§ PROMPT
Reproduce the top of the data verbatim, through and including the line that contains "Badge [Honkai: Star Rail] - Chrysos Heir".
[[ RECORDS TO USE, beginning ]]
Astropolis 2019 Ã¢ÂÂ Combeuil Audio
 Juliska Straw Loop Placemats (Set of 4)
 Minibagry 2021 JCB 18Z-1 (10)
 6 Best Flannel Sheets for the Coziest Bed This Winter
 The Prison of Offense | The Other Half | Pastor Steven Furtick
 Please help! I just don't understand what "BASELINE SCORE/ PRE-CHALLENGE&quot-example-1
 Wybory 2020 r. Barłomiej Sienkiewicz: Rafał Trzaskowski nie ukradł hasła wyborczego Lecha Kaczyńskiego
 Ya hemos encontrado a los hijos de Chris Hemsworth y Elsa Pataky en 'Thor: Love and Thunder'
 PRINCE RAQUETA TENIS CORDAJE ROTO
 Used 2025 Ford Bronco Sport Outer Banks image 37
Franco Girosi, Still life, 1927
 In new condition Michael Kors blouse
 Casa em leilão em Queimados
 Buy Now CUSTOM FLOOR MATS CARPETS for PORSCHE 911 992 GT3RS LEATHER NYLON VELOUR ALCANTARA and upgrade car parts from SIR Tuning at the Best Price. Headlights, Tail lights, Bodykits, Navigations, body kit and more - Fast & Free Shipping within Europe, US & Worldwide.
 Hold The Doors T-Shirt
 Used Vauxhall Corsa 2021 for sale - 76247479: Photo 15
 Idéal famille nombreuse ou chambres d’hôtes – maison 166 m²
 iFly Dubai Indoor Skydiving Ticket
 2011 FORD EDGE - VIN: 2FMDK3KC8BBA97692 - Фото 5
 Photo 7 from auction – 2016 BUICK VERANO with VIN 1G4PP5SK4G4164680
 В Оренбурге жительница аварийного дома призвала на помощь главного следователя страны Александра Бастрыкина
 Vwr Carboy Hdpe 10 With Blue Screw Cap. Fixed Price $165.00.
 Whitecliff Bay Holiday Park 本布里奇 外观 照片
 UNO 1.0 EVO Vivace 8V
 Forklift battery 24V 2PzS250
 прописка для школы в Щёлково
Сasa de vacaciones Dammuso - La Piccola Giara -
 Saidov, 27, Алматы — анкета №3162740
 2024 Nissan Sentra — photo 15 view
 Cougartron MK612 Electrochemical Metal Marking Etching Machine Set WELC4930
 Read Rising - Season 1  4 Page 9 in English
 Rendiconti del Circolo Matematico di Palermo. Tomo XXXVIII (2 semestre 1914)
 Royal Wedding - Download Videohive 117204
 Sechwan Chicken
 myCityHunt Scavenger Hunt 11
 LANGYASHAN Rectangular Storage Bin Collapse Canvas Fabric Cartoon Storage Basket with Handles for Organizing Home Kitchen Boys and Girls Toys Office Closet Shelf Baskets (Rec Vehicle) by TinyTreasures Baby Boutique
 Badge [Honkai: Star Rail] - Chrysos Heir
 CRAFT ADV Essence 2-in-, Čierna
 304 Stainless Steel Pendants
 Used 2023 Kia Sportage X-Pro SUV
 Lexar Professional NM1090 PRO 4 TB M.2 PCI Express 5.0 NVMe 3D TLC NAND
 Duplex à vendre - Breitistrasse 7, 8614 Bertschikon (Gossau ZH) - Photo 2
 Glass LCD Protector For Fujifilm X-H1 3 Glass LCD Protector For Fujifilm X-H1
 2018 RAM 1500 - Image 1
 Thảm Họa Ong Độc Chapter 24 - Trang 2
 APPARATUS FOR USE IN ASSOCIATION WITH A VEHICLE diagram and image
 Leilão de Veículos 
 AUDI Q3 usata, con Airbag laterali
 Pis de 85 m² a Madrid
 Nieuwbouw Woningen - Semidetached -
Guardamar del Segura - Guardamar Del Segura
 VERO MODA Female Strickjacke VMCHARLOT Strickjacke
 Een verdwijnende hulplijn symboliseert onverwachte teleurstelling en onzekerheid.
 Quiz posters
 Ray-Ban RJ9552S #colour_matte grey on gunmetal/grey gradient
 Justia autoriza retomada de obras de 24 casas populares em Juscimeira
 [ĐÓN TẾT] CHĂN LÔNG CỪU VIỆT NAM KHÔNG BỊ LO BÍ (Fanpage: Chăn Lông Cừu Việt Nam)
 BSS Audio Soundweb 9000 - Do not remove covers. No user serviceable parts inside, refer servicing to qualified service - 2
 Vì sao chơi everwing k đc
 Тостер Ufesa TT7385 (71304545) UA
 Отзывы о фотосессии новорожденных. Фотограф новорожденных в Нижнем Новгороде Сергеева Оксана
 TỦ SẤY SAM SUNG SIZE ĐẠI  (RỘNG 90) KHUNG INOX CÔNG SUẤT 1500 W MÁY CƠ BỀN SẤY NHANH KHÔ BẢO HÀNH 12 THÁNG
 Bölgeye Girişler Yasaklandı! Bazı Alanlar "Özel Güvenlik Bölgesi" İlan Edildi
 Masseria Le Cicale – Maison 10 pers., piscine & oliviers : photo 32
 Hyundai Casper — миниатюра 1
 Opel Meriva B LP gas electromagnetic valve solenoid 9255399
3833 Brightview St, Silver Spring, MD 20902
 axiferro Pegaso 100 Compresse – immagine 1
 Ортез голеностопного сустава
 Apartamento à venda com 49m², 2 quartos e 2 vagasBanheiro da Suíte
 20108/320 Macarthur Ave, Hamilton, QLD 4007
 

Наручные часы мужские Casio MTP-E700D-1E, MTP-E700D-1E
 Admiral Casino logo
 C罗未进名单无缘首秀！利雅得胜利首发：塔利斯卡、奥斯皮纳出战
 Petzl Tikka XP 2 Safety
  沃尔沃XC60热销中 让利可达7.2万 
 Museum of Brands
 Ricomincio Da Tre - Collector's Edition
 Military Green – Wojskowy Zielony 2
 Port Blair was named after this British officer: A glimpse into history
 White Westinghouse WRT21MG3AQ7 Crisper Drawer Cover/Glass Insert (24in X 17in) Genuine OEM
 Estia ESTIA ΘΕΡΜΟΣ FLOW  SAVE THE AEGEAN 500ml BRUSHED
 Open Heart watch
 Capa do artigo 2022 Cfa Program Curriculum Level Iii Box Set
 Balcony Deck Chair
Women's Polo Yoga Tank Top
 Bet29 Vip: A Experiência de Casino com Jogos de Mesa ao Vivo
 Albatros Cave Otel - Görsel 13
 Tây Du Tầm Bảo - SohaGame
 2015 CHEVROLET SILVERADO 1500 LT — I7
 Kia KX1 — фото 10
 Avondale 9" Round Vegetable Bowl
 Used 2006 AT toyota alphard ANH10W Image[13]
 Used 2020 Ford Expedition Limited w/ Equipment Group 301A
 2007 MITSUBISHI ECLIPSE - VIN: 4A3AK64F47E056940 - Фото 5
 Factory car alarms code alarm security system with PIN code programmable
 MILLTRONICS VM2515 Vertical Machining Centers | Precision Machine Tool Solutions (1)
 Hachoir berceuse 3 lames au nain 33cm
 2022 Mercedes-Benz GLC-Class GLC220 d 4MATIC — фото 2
[[ RECORDS TO USE, end ]]
§ TASK RESPONSE
Astropolis 2019 Ã¢ÂÂ Combeuil Audio
 Juliska Straw Loop Placemats (Set of 4)
 Minibagry 2021 JCB 18Z-1 (10)
 6 Best Flannel Sheets for the Coziest Bed This Winter
 The Prison of Offense | The Other Half | Pastor Steven Furtick
 Please help! I just don't understand what "BASELINE SCORE/ PRE-CHALLENGE&quot-example-1
 Wybory 2020 r. Barłomiej Sienkiewicz: Rafał Trzaskowski nie ukradł hasła wyborczego Lecha Kaczyńskiego
 Ya hemos encontrado a los hijos de Chris Hemsworth y Elsa Pataky en 'Thor: Love and Thunder'
 PRINCE RAQUETA TENIS CORDAJE ROTO
 Used 2025 Ford Bronco Sport Outer Banks image 37
Franco Girosi, Still life, 1927
 In new condition Michael Kors blouse
 Casa em leilão em Queimados
 Buy Now CUSTOM FLOOR MATS CARPETS for PORSCHE 911 992 GT3RS LEATHER NYLON VELOUR ALCANTARA and upgrade car parts from SIR Tuning at the Best Price. Headlights, Tail lights, Bodykits, Navigations, body kit and more - Fast & Free Shipping within Europe, US & Worldwide.
 Hold The Doors T-Shirt
 Used Vauxhall Corsa 2021 for sale - 76247479: Photo 15
 Idéal famille nombreuse ou chambres d’hôtes – maison 166 m²
 iFly Dubai Indoor Skydiving Ticket
 2011 FORD EDGE - VIN: 2FMDK3KC8BBA97692 - Фото 5
 Photo 7 from auction – 2016 BUICK VERANO with VIN 1G4PP5SK4G4164680
 В Оренбурге жительница аварийного дома призвала на помощь главного следователя страны Александра Бастрыкина
 Vwr Carboy Hdpe 10 With Blue Screw Cap. Fixed Price $165.00.
 Whitecliff Bay Holiday Park 本布里奇 外观 照片
 UNO 1.0 EVO Vivace 8V
 Forklift battery 24V 2PzS250
 прописка для школы в Щёлково
Сasa de vacaciones Dammuso - La Piccola Giara -
 Saidov, 27, Алматы — анкета №3162740
 2024 Nissan Sentra — photo 15 view
 Cougartron MK612 Electrochemical Metal Marking Etching Machine Set WELC4930
 Read Rising - Season 1  4 Page 9 in English
 Rendiconti del Circolo Matematico di Palermo. Tomo XXXVIII (2 semestre 1914)
 Royal Wedding - Download Videohive 117204
 Sechwan Chicken
 myCityHunt Scavenger Hunt 11
 LANGYASHAN Rectangular Storage Bin Collapse Canvas Fabric Cartoon Storage Basket with Handles for Organizing Home Kitchen Boys and Girls Toys Office Closet Shelf Baskets (Rec Vehicle) by TinyTreasures Baby Boutique
 Badge [Honkai: Star Rail] - Chrysos Heir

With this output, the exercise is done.